Farey sequence

FCC link

The Farey sequence Fn of order n is the sequence of completely reduced fractions between 0 and 1 which, when in lowest terms, have denominators less than or equal to n, arranged in order of increasing size.

The Farey sequence is sometimes incorrectly called a Farey series.

Each Farey sequence:

• starts with the value 0, denoted by the fraction $ \frac{0}{1} $
• ends with the value 1, denoted by the fraction $ \frac{1}{1}$.

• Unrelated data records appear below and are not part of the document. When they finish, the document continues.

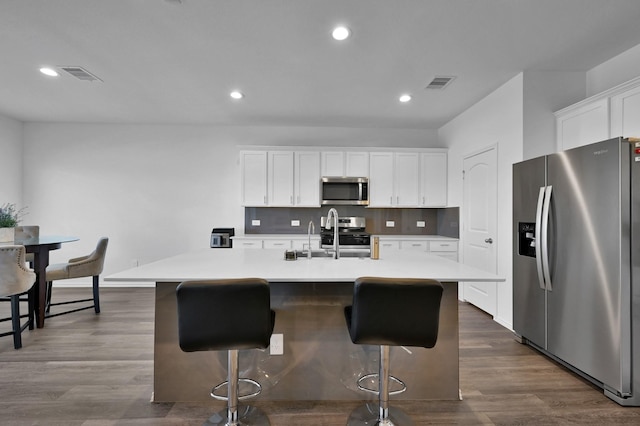 kitchen with a sink, visible vents, appliances with stainless steel finishes, and dark wood-style floors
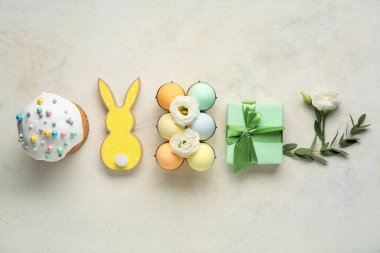 Hediye kutusu, çiçekler, paskalya yumurtaları ve bej renkli grunge arkaplanlı pasta kompozisyonu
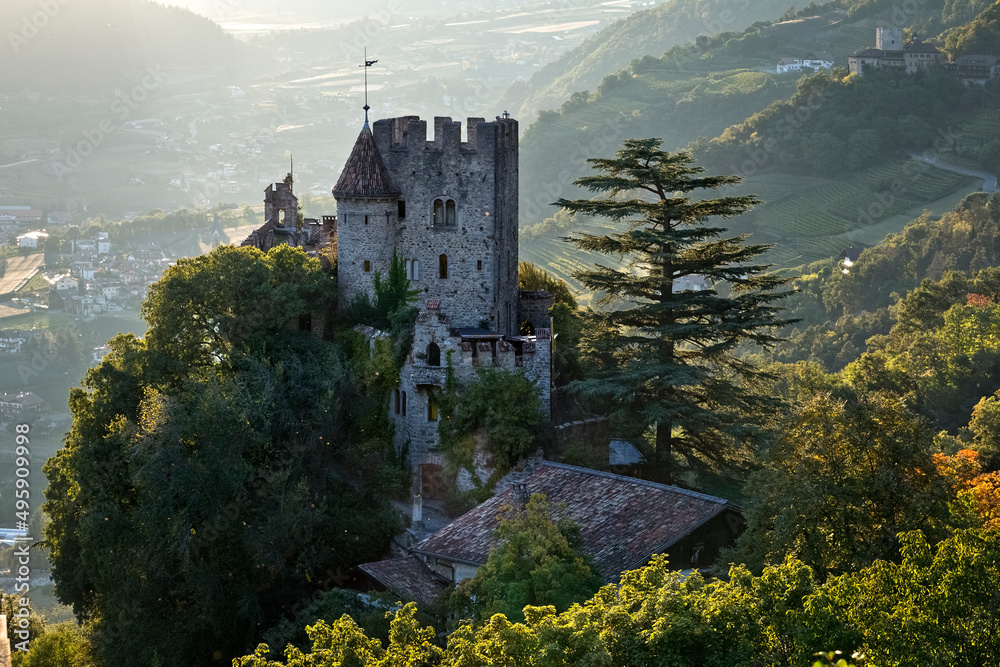 Castel Fontana/Brunnenburg has medieval origins but was rebuilt in neo-gothic style in the twentieth century. Tirol/Tirolo, Bolzano province, Trentino Alto-Adige, Italy, Europe.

The Farey sequences of orders 1 to 5 are:

• ${\bf\it{F}}_1 = \frac{0}{1}, \frac{1}{1}$
• ${\bf\it{F}}_2 = \frac{0}{1}, \frac{1}{2}, \frac{1}{1}$
• ${\bf\it{F}}_3 = \frac{0}{1}, \frac{1}{3}, \frac{1}{2}, \frac{2}{3}, \frac{1}{1}$
• ${\bf\it{F}}_4 = \frac{0}{1}, \frac{1}{4}, \frac{1}{3}, \frac{1}{2}, \frac{2}{3}, \frac{3}{4}, \frac{1}{1}$
• ${\bf\it{F}}_5 = \frac{0}{1}, \frac{1}{5}, \frac{1}{4}, \frac{1}{3}, \frac{2}{5}, \frac{1}{2}, \frac{3}{5}, \frac{2}{3}, \frac{3}{4}, \frac{4}{5}, \frac{1}{1}$